Saturday, October 2, 2010

So, about that ending in my treatment

I finished what I think was a decent 4 page treatment for my script. One of the issues I had when actually writing it out was realizing that I had yet to find a location for the final battle to take place in. Since this battle will determine whether or not the modern world will be destroyed in a firestorm of magic I wanted it to take place in a popular, high elevation building or site in New York City. Instantly my mind went to the Empire State Building, and I chose it as my setting for the final fight. Afterwards though I was describing my story to a friend and her response was "oh god you're writing Percy Jackson." I have never read the books or seen the movie but she assured me that the final fight takes place in the Empire State Building. So, yeah, now I am back to searching for a possible location for the final fight to take place.

Friday, October 1, 2010

what is up with blogspot?

Ok just an odd observation. When I tried going to my blog directly at mgthompson.blogspot.com it comes up with a blank page with a big "NADA" written across the top for my content. However when I log onto my profile and then click "Matt Thompson's Blog" at the bottom, it brings me to the same URL but now all my posts are up. Has anyone else experienced this phenomenon?

Treatment Trials

So while endeavoring to write out my treatments and character Bios for "The Last Archmage" I discovered several things I need to figure out for my script. First, I need to figure who is in the circus as minor characters and what their talents are. Second, while I have the first half of the movie mostly figured out I fell into the second act trap. While trying to write out what goes on after the midpoint I realized I did not have enough stuff to fill it out when I started. I tried several methods to plot out my script, mainly writing scene descriptions of what i want to happen out on cards and arranging and re-arranging them into a sequence that makes sense. Even so I feel that the second half of my treatment is thin. Another issue I had when writing it out was trying to get everything across that I wanted to. For example Braden, the main character, is pretty tech savvy, and that plays a big role in the movie as he uses electronics and video his grandfather can't understand to his advantage. Another thing that plays a huge role is Braden's heritage and bloodline, which grants him various powers and abilities. In writing the treatment I feel I didn't get that across well or didn't have compelling ways to show why his heritage was so important.

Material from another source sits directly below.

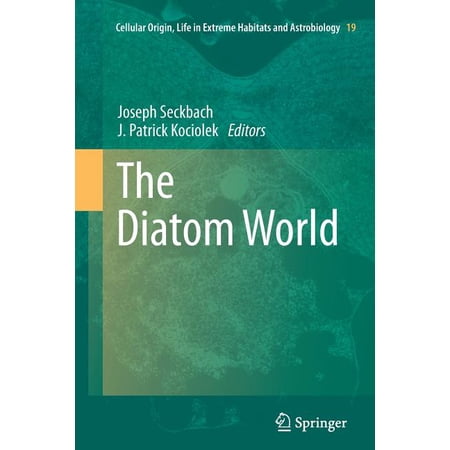 ISBN 9789400736283 product image for Cellular Origin, Life in Extreme Habitats and Astrobiology: The Diatom World (Se | upcitemdb.com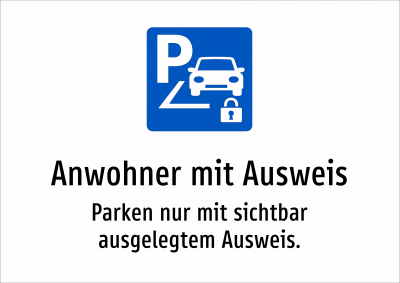 Anwohner mit Ausweis - Parken nur mit sichtbar ausgelegtem Ausweis.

Anywho, I at least have a more complete skeleton to start building my script around, though granted once I get into it I may have to do some re-arranging and find out I am missing parts and have to fill in. Overall though I am confident about actually sitting down and beginning to write this movie out.

Thursday, September 23, 2010

Early Trials

I've been trying to sit down and figure out how to tweak the character bios for my script, The Last Archmage, and to get a solid treatment written. The hardest part is wrestling with a point my instructors pointed out to me when I pitched the idea. I need to find the character's motivations in the beginning of the script. A lot of events are set off by the apparent death of one of my characters, which leads the main character on his journey, but before that I need to figure out what the main character's motivation for learning magic is and what drives the story forwards. I'm sure everyone has experienced this but I am just getting a little frustrated because I am doing a lot of thinking and jotting down and crossing out, but adding very little to the bios so far.